(Bloomberg) -- To interest-rate strategists at Barclays Plc watching the presidential debate Thursday night, the trade was clear: buy inflation hedges in the US Treasury market.

With former president Donald Trump appearing more likely to unseat Joe Biden in the Nov. 5 election, the market should “be pricing in a considerable risk of higher-than-target inflation in the coming years, and this is from a starting point of our thinking they already offered structural value,” Barclays strategists Michael Pond and Jonathan Hill said in a note.

The simple trade, they wrote, is a wager that five-year Treasury inflation-protected securities, or TIPS, will outperform regular five-year Treasuries, leading to a wider yield spread between the two.
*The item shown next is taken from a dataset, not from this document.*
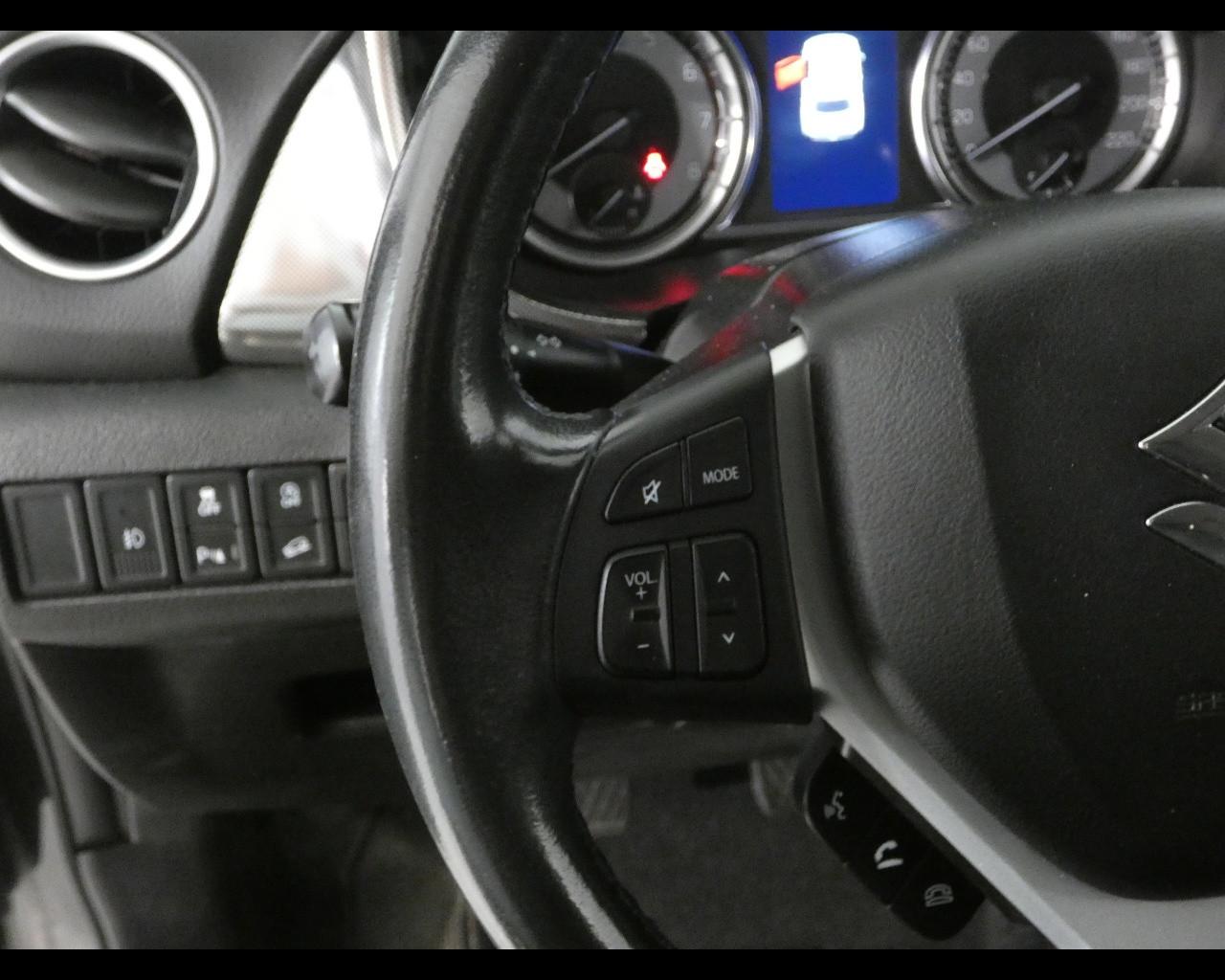 SUZUKI Vitara (2015) - Vitara 1.4 Hybrid 4WD AllGrip Top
That breakeven rate — representing the market-implied expectation for the average inflation rate of the consumer price index over the life of the securities — will widen to 2.5% from about 2.25% currently, Barclays projects. 

Trump has proposed steep tariffs on imports, particularly on goods from China, and an aggressive effort to deport those working in the US illegally. He has also pledged to extend across-the-board tax cuts, which would likely worsen the federal deficit and add stimulus to an economy that the Federal Reserve is seeking to restrain. 

At 2.25%, the five-year breakeven rate suggests that the market’s expectation for CPI are in line with the Fed’s 2% target, the strategists said. The Fed targets a different inflation gauge — the price index for personal consumption expenditures — which averages 30 basis points to 40 basis points lower than the CPI. 

Inflation continues to exceed the Fed’s target rate, but by shrinking margins. Data released Friday showed the PCE price index increased 2.6% in May from a year earlier, down from 2.7% in April. The core PCE price index, which excludes food and energy, also rose 2.6%, the slowest increase since March 2021.

But if the odds in the coming months continue to favor a second Trump term, “we would expect them to be embedded in the market via higher breakevens as the November elections approach,” Pond and Hill wrote.